Evidence for the Strong Nuclear Force
- While holding a sample of radioactive material, you might wonder what holds its nucleus together despite the repulsive forces between protons.
- The answer lies in the strong nuclear force, which is responsible for binding protons and neutrons (nucleons) within the nucleus.
- Unlike the electrostatic force, which decreases with distance according to an inverse-square law, the strong force is short-ranged and attractive, acting only at distances of about $10^{-15}$ m (1 femtometer).
- Experimental evidence for this force comes from nucleon scattering experiments, where high-energy protons are fired at atomic nuclei.
- These experiments reveal a strong, attractive force at very short distances that overcomes the proton-proton electrostatic repulsion.
- Without the strong nuclear force, atomic nuclei would be unable to exist due to the overwhelming repulsive force between protons.
The strong nuclear force is the fundamental force that holds the nucleus together, preventing protons from repelling each other.
The Role of the Neutron-to-Proton Ratio in Nuclear Stability
- Not all combinations of protons and neutrons form stable nuclei.
- The stability of a nuclide depends on the neutron-to-proton (N/Z) ratio.
- Light elements (such as carbon and oxygen) tend to have nearly equal numbers of protons and neutrons ($N \approx Z$), while heavier elements require more neutrons than protons to remain stable.
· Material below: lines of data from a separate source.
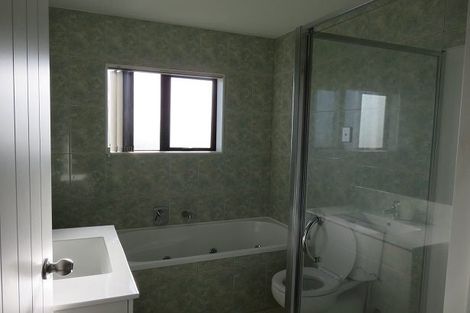 Photo of property in 12 Bonny Crescent, Massey, Auckland, 0614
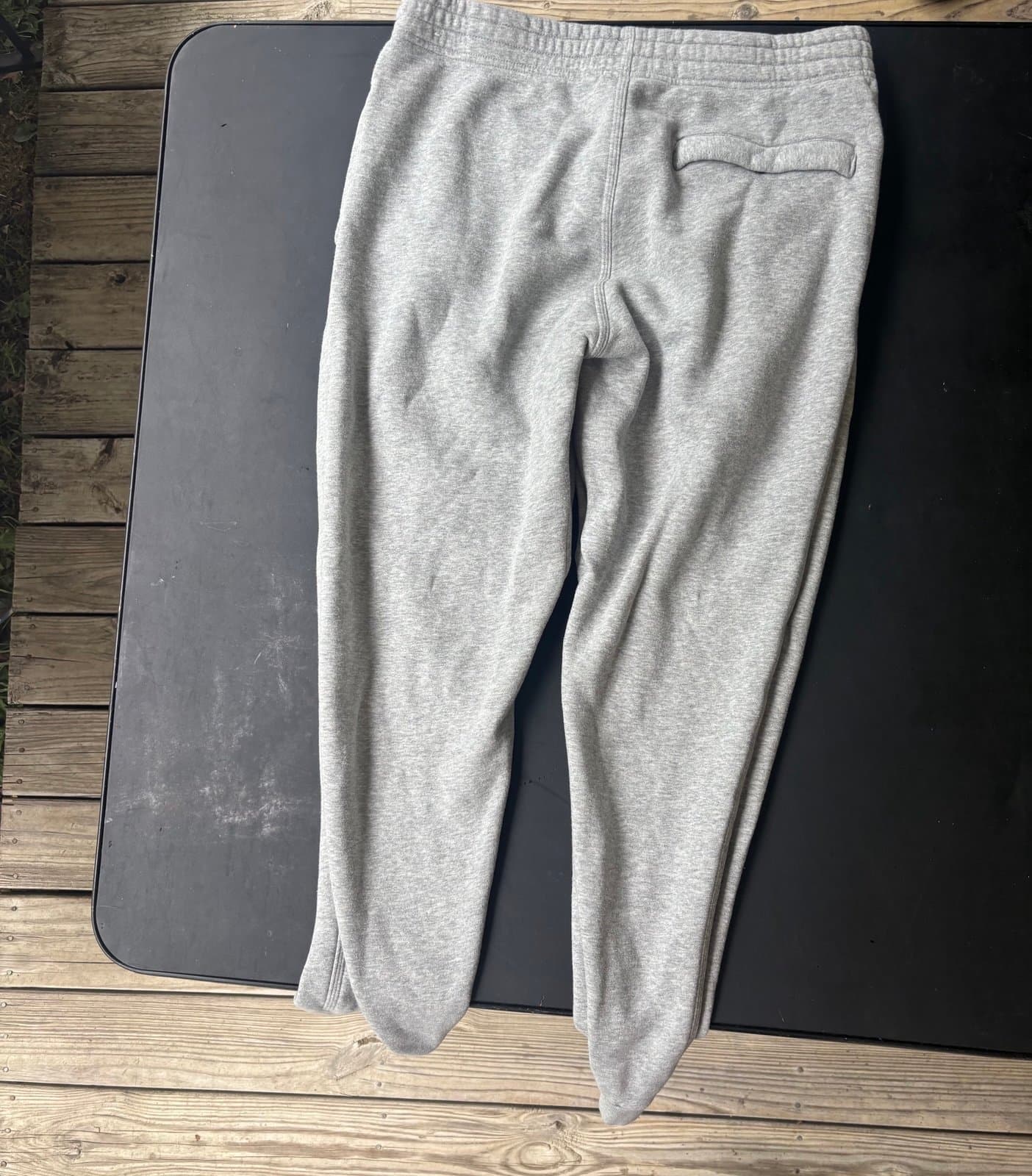 Nike sweatpants - Thumbnail 2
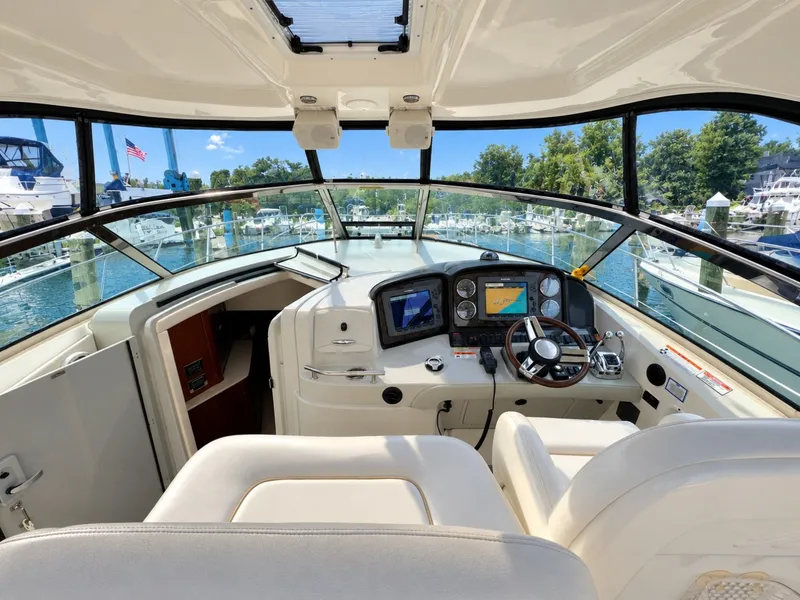 Slide: The Image of Sea Ray 390 Sundancer 2010 - 8730785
- This increasing neutron excess is necessary to counteract the growing electrostatic repulsion between protons.
- If a nucleus has too few neutrons, it undergoes beta-plus ($\beta^+$) decay to convert a proton into a neutron.
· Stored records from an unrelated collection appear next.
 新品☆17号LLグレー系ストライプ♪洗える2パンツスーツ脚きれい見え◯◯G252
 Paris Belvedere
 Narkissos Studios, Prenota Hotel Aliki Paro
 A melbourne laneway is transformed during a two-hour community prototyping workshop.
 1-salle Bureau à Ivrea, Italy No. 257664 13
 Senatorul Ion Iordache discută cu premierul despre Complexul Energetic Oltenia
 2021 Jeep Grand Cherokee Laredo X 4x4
- If it has too many neutrons, it undergoes beta-minus ($\beta^-$) decay to convert a neutron into a proton.
- Extremely unstable nuclei may undergo alpha decay or fission to regain stability.
Nuclei with an unstable neutron-to-proton ratio decay via beta decay to move toward a more stable configuration.
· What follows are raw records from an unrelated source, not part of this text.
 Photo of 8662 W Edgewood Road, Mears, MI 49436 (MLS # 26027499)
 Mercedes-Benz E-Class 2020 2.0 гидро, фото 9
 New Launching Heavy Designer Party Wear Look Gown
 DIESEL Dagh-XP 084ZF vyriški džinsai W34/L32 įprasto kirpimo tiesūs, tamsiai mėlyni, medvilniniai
Nuclear Stability and Decay
Approximate Constancy of the Binding Energy Curve for $A > 60$
- As discussed in the earlier sections, the binding energy per nucleon determines the stability of a nucleus.
- For small nuclei, adding more nucleons significantly increases the binding energy per nucleon, making them more stable.
- However, beyond a nucleon number of around 60 (approximately iron-56), the binding energy per nucleon remains nearly constant, meaning additional nucleons do not significantly increase nuclear stability.
This behavior is explained by the balance between the strong nuclear force (which is short-ranged) and the electrostatic repulsion (which acts over longer distances).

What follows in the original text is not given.